Where Mrs. May finds herself is the consequence of decisions she herself has made. No one else. She now asks the EU to help her evade the consequences of those decisions by tearing up its own rules and laws, asking it to agree that the UK can be, at the same time in and out of the single market and the customs union, allowing it to pick the bits its likes and reject the bits it doesn’t.

It is not going to happen. As Guys Verhofstadt, former Belgium prime minister and now the lead for the European Parliament on Brexit, put it:

“The UK Government must understand that the EU is a rules based organisation, as there is little appetite to renegotiate the rules of the single market to satisfy a compromise crafted to placate a divided Conservative party. “

It is doubtful that matters would be any different under a Labour government. It is difficult to find any real divergence between what Mr Corbyn’s Labour wants and what Mrs. May wants. Corbyn talks about “a” customs union between the UK and the EU on terms the EU would never accept. She talks about a “customs partnership”. Difficult to find any other difference between them. All of which means that the UK will leave the EU on Match 29th, 2019. Thereafter, it is just damage limitation.

Mrs. May has made four fundamental errors that has got her where she is today:

  1. She bought into the concept that the referendum result was the mystic will of the people, that could never be challenged or reversed;
  2. She interpreted Brexit in the most extreme fashion possible, cutting off choices before they even fully considered;
  3. Although she had a majority in the House of Commons she called an unnecessary election to win a crushing majority but came back as a dependent minority government, reliant on the votes of others to stay in power;
  4. She has at all times fundamentally misunderstood the nature of the European Union and how it saw Brexit. As a result, the withdraw process has been ineptly handled from the start.

Individually, any of these errors would have seriously damaged the process. Taken together, they have fatally undermined it.

The UK voted, narrowly, on June 23, 2016, to leave the EU. The result was 52% to leave, 48% to stay. The 52% represented just 37% of the electorate, with many British living abroad excluded from the vote, as were 16 and 17 year olds. Despite the narrowness of the result Brexiters immediate declared it to be the “will of the people”, a sacred decision beyond question. Theresa May accepted this framing. Those who questioned the decision were branded as traitors and as the enemies of the people. Politics became poisonous. They remain so.

But, of course, there is no such thing as the “will of the people”. Because there is no “people”.

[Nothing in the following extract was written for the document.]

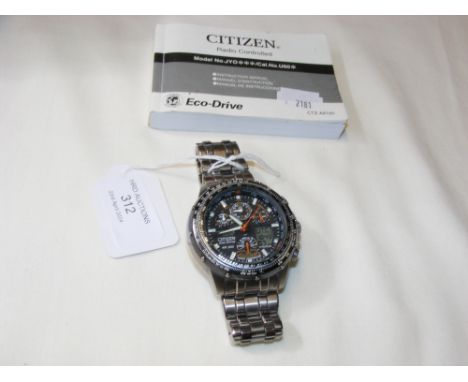 A Citizen Ecodrive gents wrist watch with manual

In a democracy all there is are the individuals and groups who make particular decisions through the ballot box on a particular day for reasons best known to themselves. What marks a democracy out from a dictatorship is the ability of those on the losing side of an election to challenge the decision and to argue for its reversal. This is especially so as new facts emerge or the consequences of a decision become clearer.

But if, as May did, you buy into the “will of the people narrative” you close off your ability to suggest that the “people” might be wise to think again. At the recent Munich security conference ,in response to the conference director Wolfgang Ischinger’s comment that “things would be so much easier if you stayed,” May said: “We are leaving the EU and there is no question of a second referendum or going back and I think that’s important.

“People in the UK feel very strongly that if we take a decision, then governments should not turn around and say, ‘no, you got that wrong’.”

Strange, I always thought that one of the hallmarks of leadership was just that: saying to colleagues and voters, “I think we might have got this wrong”.

Not content with buying into the “will of the people” mystique, the prime minister then chose to interpret Brexit in the hardest fashion possible. A le Paul Simon, there may be more than 50 ways to leave the EU but Mrs. May decided that Brexit meant leaving completely, quitting the single market and customs union as well as the political structures.

She now finds herself having to admit that “the reality is that we all need to face up to some hard facts. We are leaving the single market.  Life is going to be different. In certain ways, our access to each other’s markets will be less than it is now.” Decoded: we will be poorer because of a decision that I have made. And it will also mean a hard border between Northern Ireland and Ireland because that is the inevitable consequence of leaving the single market and the customs union, commitments to the contrary made by her last December notwithstanding.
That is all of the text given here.